-- EXTRACTED DATA --
────────────────
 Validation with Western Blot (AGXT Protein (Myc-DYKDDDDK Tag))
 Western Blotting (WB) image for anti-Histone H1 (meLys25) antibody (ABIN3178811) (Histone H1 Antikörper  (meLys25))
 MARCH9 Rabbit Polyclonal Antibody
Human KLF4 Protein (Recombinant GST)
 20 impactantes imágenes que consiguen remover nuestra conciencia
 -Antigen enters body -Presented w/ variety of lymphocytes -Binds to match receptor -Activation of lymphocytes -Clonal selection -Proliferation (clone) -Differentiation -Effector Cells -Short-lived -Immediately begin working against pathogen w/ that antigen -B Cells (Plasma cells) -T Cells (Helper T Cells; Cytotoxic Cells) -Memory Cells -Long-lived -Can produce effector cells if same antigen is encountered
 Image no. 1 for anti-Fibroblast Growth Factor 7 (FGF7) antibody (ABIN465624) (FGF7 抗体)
────────────────
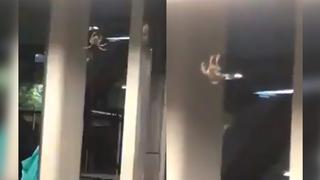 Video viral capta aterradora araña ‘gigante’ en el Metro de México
────────────────
-- THE PROBLEM --
Where a line of the records contains the word "Protein", copy that line.

-- ANSWER BELOW --
 Validation with Western Blot (AGXT Protein (Myc-DYKDDDDK Tag))
Human KLF4 Protein (Recombinant GST)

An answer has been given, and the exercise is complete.